Limitations & Future Work

  • Evaluation is focused on gesture classification (4 datasets), lacking coverage for regression-based EMG tasks like proportional prosthetic control or continuous motion estimation; the breadth of the "universal foundation model" remains to be verified.
  • The energy threshold \(\theta\) depends on a per-subject resting calibration period, requiring a brief calibration during deployment. Sensitivity analysis for threshold settings and calibration duration is not fully provided.
  • The codebook size of 8192 is an empirical value; it is unclear if this will be sufficient or saturated as frequency bands and subject distributions expand.
  • Individual ablations for parts of NST's "spatio-temporal condition space" (anatomical source, phase, order) are missing, making it difficult to judge individual contributions to fusion weights.
  • vs. Traditional Single-dataset Deep Models: Those achieve high intra-subject accuracy but fail (<50%) in LOSO, essentially being scene-specific; AEMG learns general representations via large-scale self-supervised pre-training for zero/few-shot cross-subject use.
  • vs.

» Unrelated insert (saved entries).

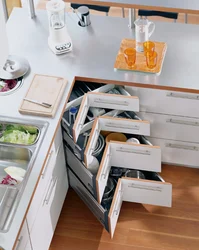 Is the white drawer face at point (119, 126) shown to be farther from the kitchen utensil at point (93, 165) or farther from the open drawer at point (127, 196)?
the open drawer at point (127, 196)

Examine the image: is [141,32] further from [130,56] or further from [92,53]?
[92,53]

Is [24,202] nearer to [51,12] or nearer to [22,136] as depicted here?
[22,136]

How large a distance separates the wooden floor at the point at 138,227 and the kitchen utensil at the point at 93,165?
0.40 meters

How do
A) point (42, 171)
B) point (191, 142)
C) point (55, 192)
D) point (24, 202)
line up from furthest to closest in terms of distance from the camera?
point (191, 142), point (55, 192), point (42, 171), point (24, 202)

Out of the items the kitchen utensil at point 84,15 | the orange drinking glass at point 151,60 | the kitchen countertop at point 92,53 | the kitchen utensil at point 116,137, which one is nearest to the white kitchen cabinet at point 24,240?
the kitchen countertop at point 92,53

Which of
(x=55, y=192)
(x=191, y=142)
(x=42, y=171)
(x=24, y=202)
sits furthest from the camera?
(x=191, y=142)

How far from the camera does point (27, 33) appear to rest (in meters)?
4.09

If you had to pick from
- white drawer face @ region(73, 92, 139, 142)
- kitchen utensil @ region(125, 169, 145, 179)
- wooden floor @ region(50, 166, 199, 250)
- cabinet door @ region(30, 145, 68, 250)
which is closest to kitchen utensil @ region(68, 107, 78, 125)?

Unsupervised Domain Adaptation (UDA: MDD, CDEM, SCDEM, VADA): UDA performs distribution alignment in fixed-window feature spaces where semantic integrity is already destroyed; AEMG eliminates ambiguity at the source by using NCT for physiologically semantic tokens and then learning a universal vocabulary and motor grammar.
  • vs. Large-scale Data Paradigms (e.g., CTRL-labs): While also drawing from NLP foundation model ideas, AEMG follows a more cost-effective and scalable path by aggregating multiple heterogeneous public datasets.

Rating

  • Novelty: ⭐⭐⭐⭐⭐ "EMG as Language" + Energy Gated Tokenization + VQ Codebook + Masked Reconstruction; a paradigm-level innovation for physiological signals.

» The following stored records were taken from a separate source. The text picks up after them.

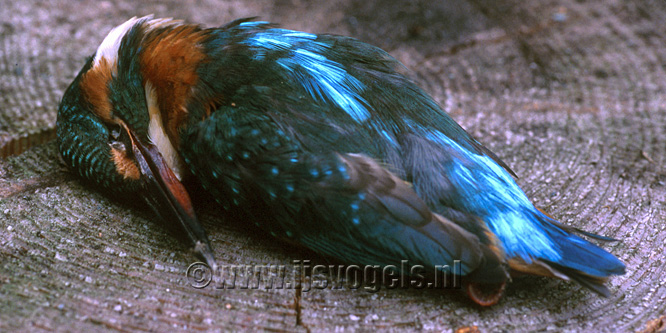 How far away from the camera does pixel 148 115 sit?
97.6 inches

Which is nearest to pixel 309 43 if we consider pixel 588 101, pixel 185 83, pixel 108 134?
pixel 185 83

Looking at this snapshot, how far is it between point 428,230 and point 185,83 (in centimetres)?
105

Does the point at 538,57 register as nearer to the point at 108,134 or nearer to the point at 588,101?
the point at 588,101

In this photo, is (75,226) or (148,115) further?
(148,115)

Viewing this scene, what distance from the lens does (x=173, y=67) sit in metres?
2.39

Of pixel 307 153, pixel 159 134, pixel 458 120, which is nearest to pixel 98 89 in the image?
pixel 159 134

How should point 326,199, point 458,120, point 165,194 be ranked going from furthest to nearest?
point 458,120 → point 165,194 → point 326,199

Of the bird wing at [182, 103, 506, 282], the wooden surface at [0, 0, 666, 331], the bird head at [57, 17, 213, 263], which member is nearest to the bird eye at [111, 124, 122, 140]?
the bird head at [57, 17, 213, 263]

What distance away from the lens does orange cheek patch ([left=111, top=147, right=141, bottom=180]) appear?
2379mm

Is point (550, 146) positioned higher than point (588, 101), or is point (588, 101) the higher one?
point (588, 101)

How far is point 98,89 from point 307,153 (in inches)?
38.8

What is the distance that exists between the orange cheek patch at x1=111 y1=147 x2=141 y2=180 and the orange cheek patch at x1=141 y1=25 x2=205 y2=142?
7.1 inches

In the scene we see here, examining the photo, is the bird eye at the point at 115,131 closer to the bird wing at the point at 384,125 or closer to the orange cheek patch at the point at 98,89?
the orange cheek patch at the point at 98,89

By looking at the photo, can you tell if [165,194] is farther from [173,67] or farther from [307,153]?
[307,153] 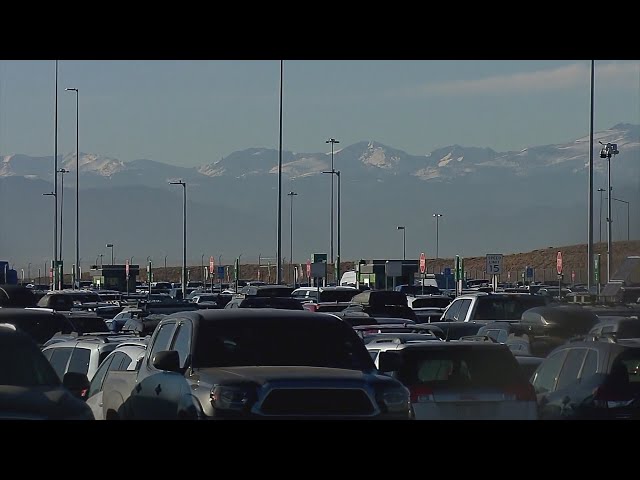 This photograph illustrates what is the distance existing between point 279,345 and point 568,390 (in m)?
3.94

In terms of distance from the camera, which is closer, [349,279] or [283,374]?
[283,374]

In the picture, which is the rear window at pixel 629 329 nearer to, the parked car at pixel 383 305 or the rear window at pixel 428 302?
the parked car at pixel 383 305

  • Experimental Thoroughness: ⭐⭐⭐⭐ Solid LOSO and few-shot results across four datasets, though lacking regression tasks and ablation of independent spatio-temporal conditions.
  • Writing Quality: ⭐⭐⭐⭐ Clear chain from motivation to paradigm to method; consistent linguistic metaphor, though some formula noise and appendix details exist.
  • Value: ⭐⭐⭐⭐⭐ A key step toward "train once, use anywhere" EMG foundation models, highly significant for the deployment of EMG-based human-computer interfaces; fully open-sourced.